## WHAT YOU HAVE TO DO
Although the data holds pictures, return only the lines from the one containing "Relax & Spa-house" to the end, exactly, and without them.

## LISTED RECORDS
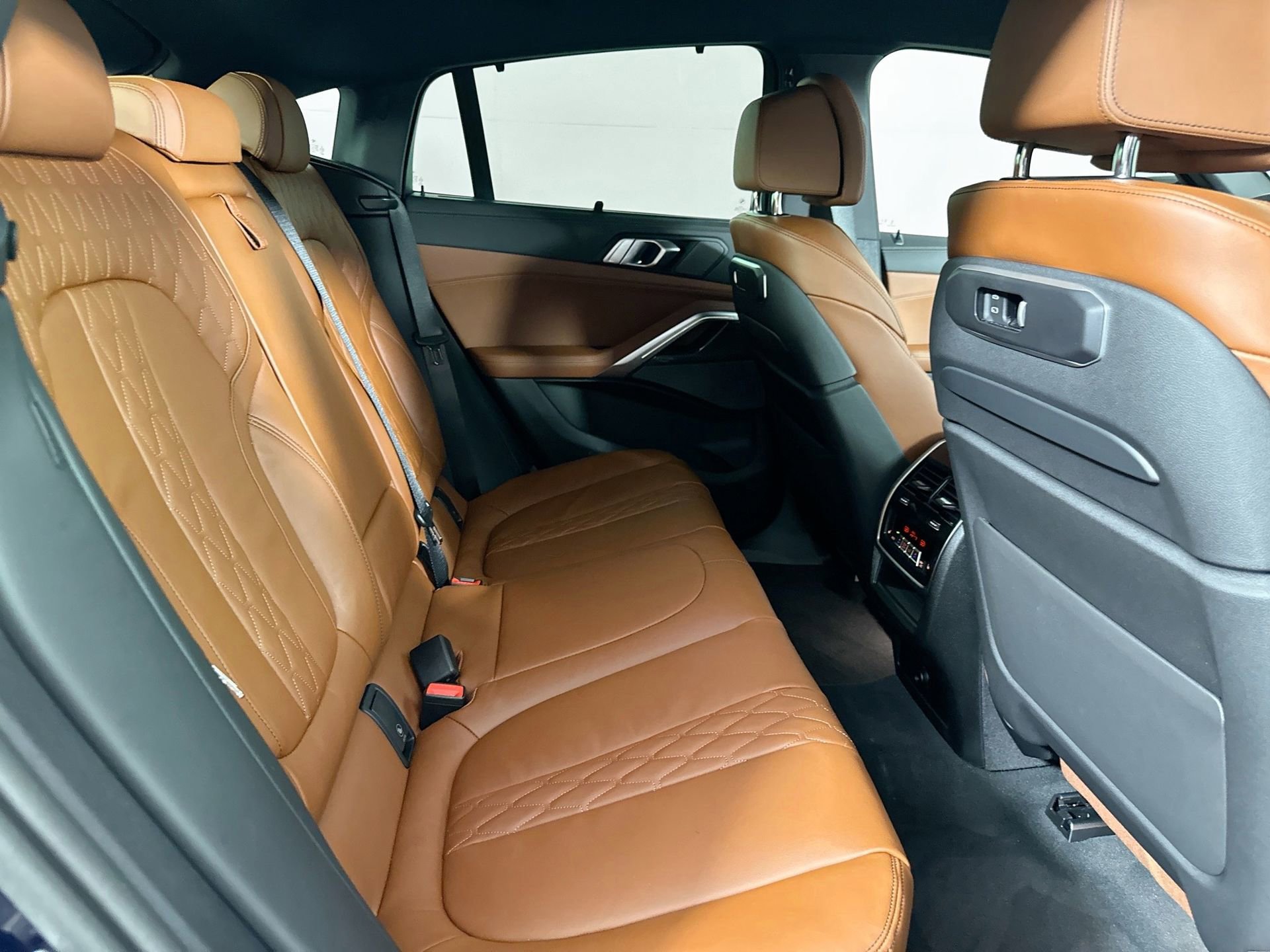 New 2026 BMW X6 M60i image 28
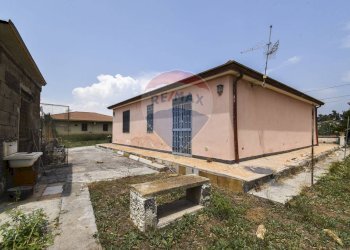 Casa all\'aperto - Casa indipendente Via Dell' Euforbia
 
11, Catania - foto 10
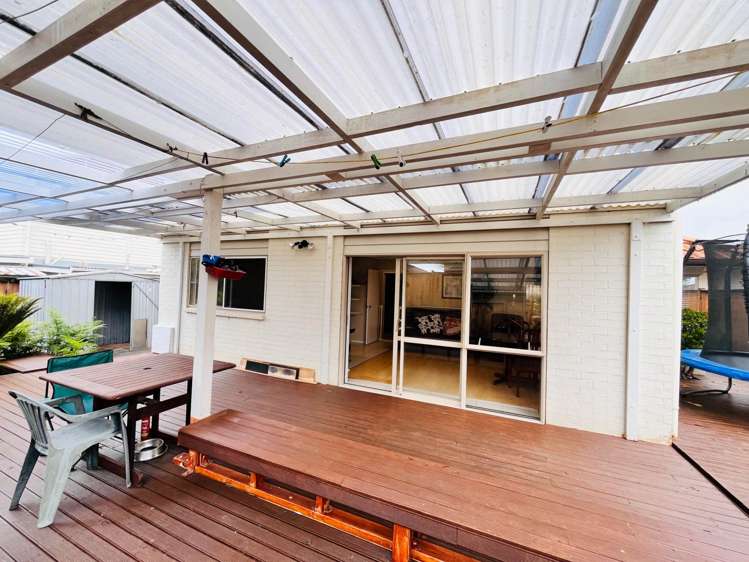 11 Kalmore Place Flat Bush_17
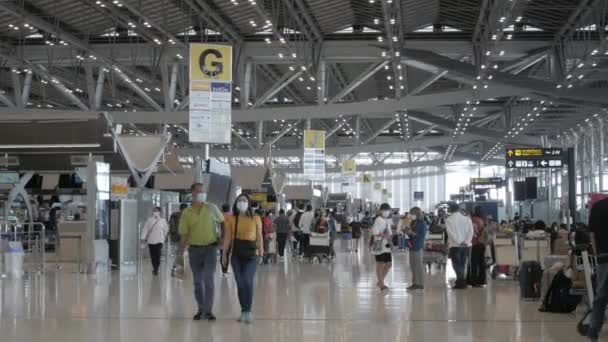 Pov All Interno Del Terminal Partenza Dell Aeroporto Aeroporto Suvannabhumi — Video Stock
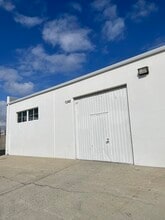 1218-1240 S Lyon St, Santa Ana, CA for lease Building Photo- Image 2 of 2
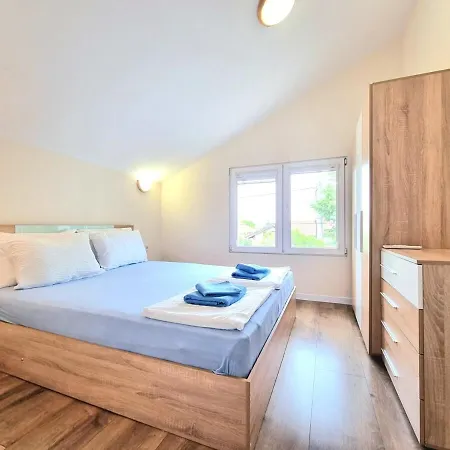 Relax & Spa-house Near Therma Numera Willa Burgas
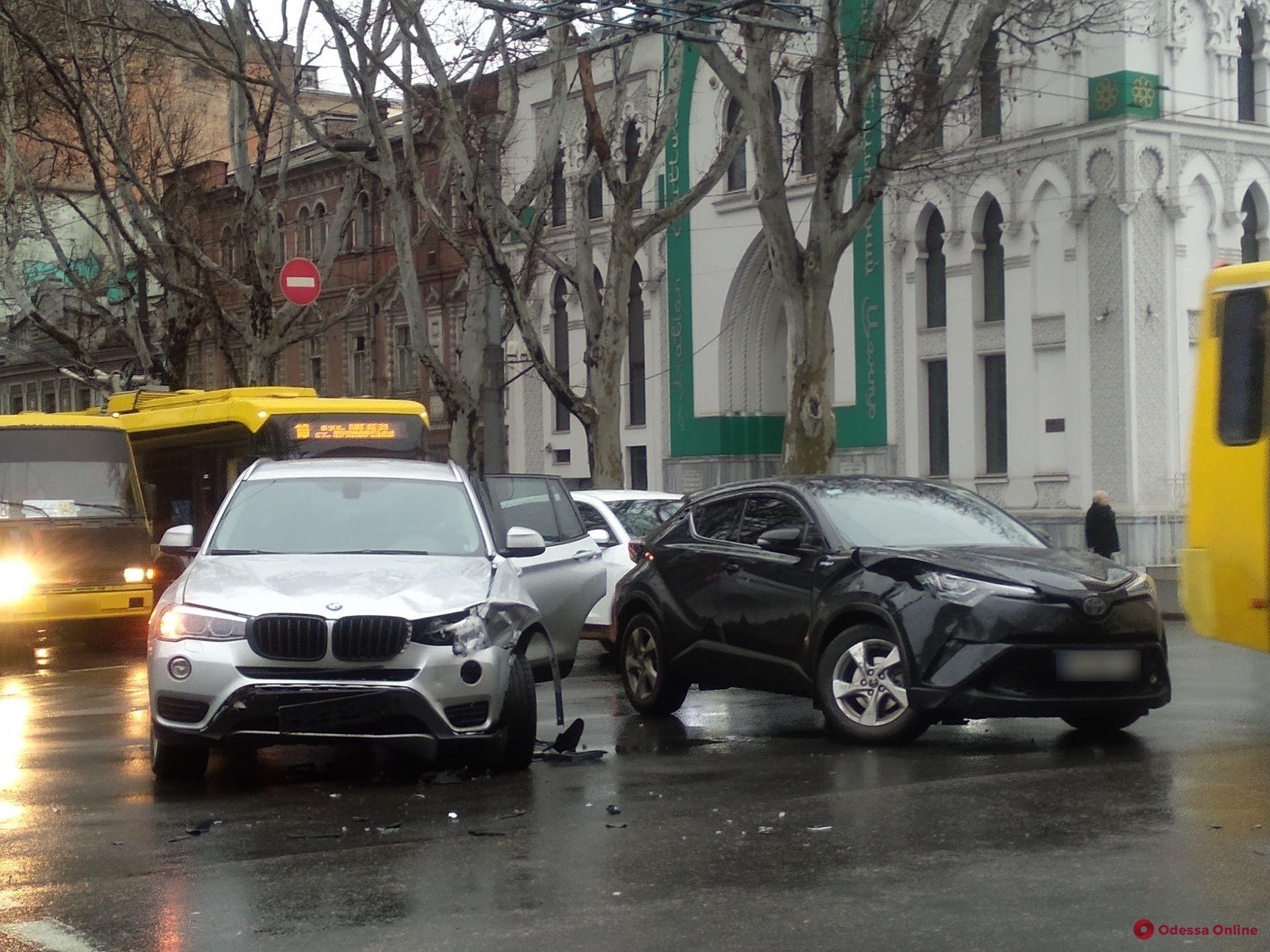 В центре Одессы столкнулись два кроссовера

## SOLVED PROBLEM
 Relax & Spa-house Near Therma Numera Willa Burgas
 В центре Одессы столкнулись два кроссовера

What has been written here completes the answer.